【CodeChef】Origin(数论)
题目大意:
\(f(x)=\begin{cases} x,1\le x\le9\\ f(x的各数位之和),x>9\\ \end{cases}\)
求\(\sum_{i=1}^{n}f(i)\)。
根据打表找规律,我们会发现\(f(x)=(x-1)\bmod 9+1\)。
所以\(\sum_{i=1}^{n}f(i)\)
\(=\sum_{i=1}^{\lfloor\frac{n}{9}\rfloor\cdot 9}f(x)+\sum_{i=\lfloor\frac{n}{9}\rfloor\cdot 9+1}^{n}f(x)\)
\(=\lfloor\frac{n}{9}\rfloor\cdot\sum_{i=1}^{9}f(i)+\sum_{i=1}^{n\bmod 9}f(i)\)
\(=\lfloor\frac{n}{9}\rfloor\cdot\sum_{i=1}^{9}i+\sum_{i=1}^{n\bmod 9}i\)

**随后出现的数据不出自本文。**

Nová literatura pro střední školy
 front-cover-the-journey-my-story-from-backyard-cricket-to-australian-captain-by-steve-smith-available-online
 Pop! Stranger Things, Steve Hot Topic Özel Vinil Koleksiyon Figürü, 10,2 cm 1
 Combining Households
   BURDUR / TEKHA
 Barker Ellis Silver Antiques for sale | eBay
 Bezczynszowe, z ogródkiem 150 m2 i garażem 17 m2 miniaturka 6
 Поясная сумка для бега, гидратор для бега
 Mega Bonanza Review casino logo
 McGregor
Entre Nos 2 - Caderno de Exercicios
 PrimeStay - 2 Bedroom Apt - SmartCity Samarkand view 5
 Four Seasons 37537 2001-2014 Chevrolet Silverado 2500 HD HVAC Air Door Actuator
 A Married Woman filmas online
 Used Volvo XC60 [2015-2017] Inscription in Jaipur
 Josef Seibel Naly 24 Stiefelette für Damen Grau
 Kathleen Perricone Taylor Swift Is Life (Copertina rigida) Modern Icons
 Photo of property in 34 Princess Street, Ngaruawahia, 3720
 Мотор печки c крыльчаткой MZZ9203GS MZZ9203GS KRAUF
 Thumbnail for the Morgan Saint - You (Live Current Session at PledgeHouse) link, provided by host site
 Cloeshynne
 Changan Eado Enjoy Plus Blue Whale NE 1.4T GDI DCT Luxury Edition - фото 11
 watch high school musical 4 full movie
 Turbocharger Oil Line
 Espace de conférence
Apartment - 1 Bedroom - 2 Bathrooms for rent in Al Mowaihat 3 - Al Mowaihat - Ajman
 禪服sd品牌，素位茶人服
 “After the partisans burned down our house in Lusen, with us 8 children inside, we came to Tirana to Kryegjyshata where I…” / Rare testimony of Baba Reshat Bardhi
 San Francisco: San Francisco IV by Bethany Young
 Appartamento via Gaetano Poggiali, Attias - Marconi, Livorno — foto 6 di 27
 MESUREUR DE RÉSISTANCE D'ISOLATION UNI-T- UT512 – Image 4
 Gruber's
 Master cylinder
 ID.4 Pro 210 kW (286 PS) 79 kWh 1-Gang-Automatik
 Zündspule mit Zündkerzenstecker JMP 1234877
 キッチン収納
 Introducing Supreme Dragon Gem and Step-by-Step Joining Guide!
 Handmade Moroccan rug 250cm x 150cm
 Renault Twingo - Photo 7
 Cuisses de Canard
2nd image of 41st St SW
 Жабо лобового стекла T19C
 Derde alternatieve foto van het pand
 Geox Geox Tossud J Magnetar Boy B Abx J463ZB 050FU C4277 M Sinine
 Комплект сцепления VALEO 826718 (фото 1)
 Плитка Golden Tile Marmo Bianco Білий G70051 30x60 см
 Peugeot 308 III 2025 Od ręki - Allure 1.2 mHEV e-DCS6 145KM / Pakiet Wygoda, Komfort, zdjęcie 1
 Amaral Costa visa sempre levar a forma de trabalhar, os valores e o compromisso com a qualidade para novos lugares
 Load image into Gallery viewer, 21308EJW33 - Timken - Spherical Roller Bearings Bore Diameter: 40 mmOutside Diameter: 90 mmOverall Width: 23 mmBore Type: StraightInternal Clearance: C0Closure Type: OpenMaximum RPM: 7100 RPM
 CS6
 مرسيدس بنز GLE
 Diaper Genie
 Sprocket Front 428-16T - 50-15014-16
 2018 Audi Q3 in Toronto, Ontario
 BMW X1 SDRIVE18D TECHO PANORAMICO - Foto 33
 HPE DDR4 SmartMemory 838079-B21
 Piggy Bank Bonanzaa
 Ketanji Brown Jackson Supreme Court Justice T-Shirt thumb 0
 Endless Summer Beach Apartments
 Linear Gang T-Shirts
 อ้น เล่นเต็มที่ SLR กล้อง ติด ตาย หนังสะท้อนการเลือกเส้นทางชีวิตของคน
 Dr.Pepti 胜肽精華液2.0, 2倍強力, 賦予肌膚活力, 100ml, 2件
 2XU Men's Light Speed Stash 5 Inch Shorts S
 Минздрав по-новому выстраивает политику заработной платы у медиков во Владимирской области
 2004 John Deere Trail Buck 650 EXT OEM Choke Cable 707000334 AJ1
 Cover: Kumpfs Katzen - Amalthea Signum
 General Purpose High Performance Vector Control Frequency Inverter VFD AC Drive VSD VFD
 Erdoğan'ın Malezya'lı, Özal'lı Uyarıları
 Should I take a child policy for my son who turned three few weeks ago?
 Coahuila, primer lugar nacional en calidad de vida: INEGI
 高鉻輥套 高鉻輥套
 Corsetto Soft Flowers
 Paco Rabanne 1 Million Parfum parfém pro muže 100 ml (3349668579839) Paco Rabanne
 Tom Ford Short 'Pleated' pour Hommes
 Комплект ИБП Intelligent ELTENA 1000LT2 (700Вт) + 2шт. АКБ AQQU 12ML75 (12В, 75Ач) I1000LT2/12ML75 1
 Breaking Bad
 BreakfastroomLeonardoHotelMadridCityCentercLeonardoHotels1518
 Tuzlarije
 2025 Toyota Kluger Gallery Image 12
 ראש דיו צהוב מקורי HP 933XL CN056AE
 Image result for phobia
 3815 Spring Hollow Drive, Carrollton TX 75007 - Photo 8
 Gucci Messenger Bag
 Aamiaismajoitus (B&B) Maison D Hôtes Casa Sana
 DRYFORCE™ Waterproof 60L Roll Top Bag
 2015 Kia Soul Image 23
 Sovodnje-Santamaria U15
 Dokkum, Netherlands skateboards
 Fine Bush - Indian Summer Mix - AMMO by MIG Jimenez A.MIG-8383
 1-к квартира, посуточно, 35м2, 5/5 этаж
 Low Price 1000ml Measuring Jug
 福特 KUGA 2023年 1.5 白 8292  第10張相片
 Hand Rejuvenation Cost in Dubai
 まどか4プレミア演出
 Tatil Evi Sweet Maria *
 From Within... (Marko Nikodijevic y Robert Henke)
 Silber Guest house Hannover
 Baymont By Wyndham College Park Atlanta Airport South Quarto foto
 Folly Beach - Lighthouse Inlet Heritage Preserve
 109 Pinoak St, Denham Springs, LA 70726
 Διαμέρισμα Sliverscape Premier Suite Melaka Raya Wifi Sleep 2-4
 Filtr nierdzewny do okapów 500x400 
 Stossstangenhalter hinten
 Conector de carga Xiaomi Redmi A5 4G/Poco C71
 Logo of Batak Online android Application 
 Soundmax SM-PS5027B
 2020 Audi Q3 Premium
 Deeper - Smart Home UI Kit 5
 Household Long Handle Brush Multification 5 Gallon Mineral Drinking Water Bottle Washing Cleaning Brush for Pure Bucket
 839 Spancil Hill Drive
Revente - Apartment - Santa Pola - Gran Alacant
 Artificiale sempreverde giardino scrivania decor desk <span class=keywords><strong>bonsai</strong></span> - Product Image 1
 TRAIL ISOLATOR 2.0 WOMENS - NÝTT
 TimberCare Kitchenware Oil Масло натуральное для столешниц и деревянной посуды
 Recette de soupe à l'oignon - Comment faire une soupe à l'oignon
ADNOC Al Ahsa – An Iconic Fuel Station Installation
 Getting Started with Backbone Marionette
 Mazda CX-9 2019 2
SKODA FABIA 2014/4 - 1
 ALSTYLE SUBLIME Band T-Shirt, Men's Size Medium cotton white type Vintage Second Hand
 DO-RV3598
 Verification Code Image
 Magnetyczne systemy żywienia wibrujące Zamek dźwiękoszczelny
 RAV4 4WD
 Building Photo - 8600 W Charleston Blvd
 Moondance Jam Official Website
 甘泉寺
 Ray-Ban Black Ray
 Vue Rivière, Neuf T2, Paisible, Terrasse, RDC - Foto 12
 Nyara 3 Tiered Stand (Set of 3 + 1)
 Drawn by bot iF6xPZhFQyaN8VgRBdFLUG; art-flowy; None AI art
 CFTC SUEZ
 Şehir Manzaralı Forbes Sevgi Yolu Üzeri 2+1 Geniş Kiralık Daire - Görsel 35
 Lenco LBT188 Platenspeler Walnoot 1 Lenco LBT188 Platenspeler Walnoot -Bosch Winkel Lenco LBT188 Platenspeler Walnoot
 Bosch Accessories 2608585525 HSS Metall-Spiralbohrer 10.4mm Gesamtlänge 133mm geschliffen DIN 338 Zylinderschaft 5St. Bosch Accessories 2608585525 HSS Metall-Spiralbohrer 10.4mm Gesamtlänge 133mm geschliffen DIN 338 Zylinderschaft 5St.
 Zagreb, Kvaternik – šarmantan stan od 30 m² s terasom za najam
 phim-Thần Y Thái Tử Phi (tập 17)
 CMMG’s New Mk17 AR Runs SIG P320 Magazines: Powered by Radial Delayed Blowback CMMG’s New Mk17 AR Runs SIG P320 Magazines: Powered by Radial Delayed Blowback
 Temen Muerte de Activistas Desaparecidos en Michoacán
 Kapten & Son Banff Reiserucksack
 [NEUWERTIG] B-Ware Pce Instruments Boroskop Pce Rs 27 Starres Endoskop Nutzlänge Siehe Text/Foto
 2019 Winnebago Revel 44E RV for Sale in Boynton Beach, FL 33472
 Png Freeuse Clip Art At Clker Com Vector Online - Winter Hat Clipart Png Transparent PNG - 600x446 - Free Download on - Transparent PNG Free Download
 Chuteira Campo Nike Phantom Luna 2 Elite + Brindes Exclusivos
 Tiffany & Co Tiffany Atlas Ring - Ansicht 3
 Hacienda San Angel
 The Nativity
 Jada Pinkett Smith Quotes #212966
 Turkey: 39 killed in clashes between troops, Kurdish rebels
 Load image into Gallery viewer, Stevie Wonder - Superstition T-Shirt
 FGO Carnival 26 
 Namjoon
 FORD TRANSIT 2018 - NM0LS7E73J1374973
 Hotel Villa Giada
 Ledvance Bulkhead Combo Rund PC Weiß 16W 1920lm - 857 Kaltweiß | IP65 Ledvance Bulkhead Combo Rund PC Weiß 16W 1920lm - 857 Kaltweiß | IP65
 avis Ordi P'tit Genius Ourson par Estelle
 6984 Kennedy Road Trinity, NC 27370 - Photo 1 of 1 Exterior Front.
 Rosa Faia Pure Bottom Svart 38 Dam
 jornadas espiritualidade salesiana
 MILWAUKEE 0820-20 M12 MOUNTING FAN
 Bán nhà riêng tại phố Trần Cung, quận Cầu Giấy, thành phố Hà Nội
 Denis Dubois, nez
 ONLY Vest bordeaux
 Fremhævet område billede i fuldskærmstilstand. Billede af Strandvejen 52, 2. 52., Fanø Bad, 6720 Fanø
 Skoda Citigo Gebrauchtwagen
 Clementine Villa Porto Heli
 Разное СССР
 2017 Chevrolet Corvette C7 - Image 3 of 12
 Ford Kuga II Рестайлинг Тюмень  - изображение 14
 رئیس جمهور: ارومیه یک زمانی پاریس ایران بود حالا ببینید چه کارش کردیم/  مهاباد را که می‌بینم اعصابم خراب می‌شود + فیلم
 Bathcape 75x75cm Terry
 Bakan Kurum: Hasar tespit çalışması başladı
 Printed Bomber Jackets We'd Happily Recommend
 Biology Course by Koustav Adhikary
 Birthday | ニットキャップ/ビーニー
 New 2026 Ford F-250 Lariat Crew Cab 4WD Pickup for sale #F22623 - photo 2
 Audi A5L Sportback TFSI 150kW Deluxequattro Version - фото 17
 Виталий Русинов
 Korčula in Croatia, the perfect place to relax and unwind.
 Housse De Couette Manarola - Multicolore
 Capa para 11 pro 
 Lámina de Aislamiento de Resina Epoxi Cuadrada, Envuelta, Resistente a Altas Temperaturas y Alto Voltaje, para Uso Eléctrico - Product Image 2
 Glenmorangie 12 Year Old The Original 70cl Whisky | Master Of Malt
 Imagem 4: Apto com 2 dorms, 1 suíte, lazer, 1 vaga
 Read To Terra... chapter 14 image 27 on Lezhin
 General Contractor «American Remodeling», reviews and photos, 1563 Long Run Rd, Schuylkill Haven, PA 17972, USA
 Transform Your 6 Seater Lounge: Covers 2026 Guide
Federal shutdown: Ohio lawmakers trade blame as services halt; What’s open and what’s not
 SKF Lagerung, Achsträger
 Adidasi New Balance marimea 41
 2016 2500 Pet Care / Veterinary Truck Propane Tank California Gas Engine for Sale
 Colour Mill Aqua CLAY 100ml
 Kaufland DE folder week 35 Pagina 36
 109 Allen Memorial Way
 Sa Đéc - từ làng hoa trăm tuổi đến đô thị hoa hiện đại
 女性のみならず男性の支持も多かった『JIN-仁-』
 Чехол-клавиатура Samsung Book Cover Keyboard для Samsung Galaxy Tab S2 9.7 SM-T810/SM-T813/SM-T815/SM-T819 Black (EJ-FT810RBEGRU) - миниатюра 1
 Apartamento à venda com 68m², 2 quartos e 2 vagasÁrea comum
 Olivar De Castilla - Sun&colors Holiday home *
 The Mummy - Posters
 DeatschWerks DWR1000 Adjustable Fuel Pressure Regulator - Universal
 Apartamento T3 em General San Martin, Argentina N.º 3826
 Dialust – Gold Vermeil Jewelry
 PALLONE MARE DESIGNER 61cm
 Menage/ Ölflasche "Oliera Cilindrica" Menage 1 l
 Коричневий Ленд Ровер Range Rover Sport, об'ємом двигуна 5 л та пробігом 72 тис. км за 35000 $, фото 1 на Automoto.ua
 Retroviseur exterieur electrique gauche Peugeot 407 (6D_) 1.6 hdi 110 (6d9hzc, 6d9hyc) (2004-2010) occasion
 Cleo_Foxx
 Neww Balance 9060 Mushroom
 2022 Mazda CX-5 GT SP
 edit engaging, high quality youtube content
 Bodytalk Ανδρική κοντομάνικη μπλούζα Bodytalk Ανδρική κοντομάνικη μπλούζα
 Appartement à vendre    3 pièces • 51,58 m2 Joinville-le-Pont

\(=\lfloor\frac{n}{9}\rfloor\cdot\frac{(1+9)\times9}{2}+\frac{(1+n\bmod 9)*(n\bmod 9)}{2}\)
\(=\lfloor\frac{n}{9}\rfloor\cdot 45+\frac{(1+n\bmod 9)*(n\bmod 9)}{2}\)
#include<bits/stdc++.h>
using namespace std;
typedef unsigned long long ll;
const ll N=1e6+10,inf=1e18+10,mod=1e9+7;
int main(){
int T;
cin >> T;
while(T--){
ll n;
cin >> n;
cout << n/9*45+(1+n%9)*(n%9)/2 << endl;
}
return 0;
}